L’accesso facilitato ai salari minimi
I Paesi membri dell’Unione Europea devono applicare le politiche necessarie per agevolare l’intervento delle parti sociali nel corso del processo decisionale.
Ciò riguarda soprattutto la scelta e l’applicazione di criteri per definire il livello del salario minimo e la formula di indicizzazione automatica, gli aggiornamenti dei salari, la determinazione di trattenute e variazioni sui salari e le decisioni inerenti la raccolta di dati per informare le parti coinvolte nella definizione dei minimi salariali.
Parti sociali e governi nazionali dovranno adottare appositi interventi per rendere più facile l’accesso dei lavoratori ai salari minimi legali predisponendo ispezioni e controlli da parte di ispettorati del lavoro e organismi responsabili dell’applicazione dei salari minimi.

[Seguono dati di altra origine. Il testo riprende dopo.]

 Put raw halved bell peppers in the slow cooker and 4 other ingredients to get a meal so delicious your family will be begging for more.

Raccolta dati ed obbligo di trasmissione alla Commissione Europea
Gli Stati membri dell’UE provvederanno ad implementare strumenti specifici per raccogliere dati riguardanti il rispetto del salario minimo, i quali dovranno poi essere comunicati alla Commissione Europea a cadenza biennale.

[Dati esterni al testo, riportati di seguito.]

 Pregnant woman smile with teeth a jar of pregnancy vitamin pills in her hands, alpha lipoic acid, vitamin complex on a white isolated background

I dati da monitorare con attenzione sono:
- Il tasso di copertura della contrattazione collettiva;
- Ammontare del salario minimo;
- Percentuale di lavoratori coperti da questo salario minimo;
- Trattenute e variazioni degli importi minimi e la percentuale di lavoratori interessati da tali variazioni;
- Nell’ambito dei contratti collettivi devono essere controllate le retribuzioni più basse che riguardano i lavoratori a basso salario e il numero di persone da esse coperte;
- I salari versati ai lavoratori non coperti dai contratti collettivi e il loro rapporto con i salari versati ai lavoratori coperti da contratti collettivi.

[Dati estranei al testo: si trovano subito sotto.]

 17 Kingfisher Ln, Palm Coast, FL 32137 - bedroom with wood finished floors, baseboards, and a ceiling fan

Una volta ricevuti i dati provenienti da tutti i Paesi membri, la Commissione Europea è chiamata a valutare le informazioni pervenute e a riferire in merito ogni 2 anni al Parlamento e al Consiglio Europeo, pubblicando poi i dati inviati dai singoli Stati.
Non è possibile regredire a condizioni meno favorevoli
La direttiva UE 2022/2041 non consente la riduzione dei livelli di tutela di cui già usufruiscono i lavoratori degli Stati membri in materia di salari minimi.
Ciascuno Stato ha la facoltà di applicare oppure introdurre norme volte ad un miglioramento della disciplina generale. Ovvero, ogni Paese è libero di aumentare i salari minimi legali secondo proprie politiche attuative.
Gli Stati potranno determinare le specifiche sanzioni nei casi di violazione dei diritti e degli obblighi per quanto concerne l’applicazione della direttiva europea. Le eventuali sanzioni devono essere effettive, proporzionate e dissuasive.
I passi successivi alla direttiva UE
In Italia per legge sono previste le pensioni minime, ma non è invece mai stata istituita una soglia minima per i salari, tutelati soprattutto dalla contrattazione tra le parti sociali. Secondo le stime del CNEL (Consiglio Nazionale dell’Economia e del Lavoro), il 98% dei lavoratori e il 99% delle aziende sono coperte dalla contrattazione collettiva.
A livello europeo in 21 dei 27 Stati membri sono previste delle retribuzioni salariali minime e la direttiva ha proprio lo scopo di allargare questa platea. Oltre che in Italia, il salario minimo non esiste in Svezia, Finlandia, Danimarca, Austria e Cipro.
A seguito dell’approvazione della direttiva UE, i Paesi dovranno recepirne il testo entro 2 anni. Qualora uno Stato membro non ottemperasse, la Commissione ha la possibilità di avviare la procedura d’infrazione e rivolgersi alla Corte di Giustizia dell’Unione Europea.
Negli ultimi anni dai partiti di sinistra sono state avanzate differenti proposte legislative sul tema, mentre i partiti di centro-destra sono sempre stati più freddi, non ritenendo necessarie nuove leggi e preferendo affidarsi alla tutela della contrattazione collettiva. Il problema del salario minimo è ancora oggi molto dibattuto e il nuovo governo Meloni avrà il prossimo biennio per adeguarsi.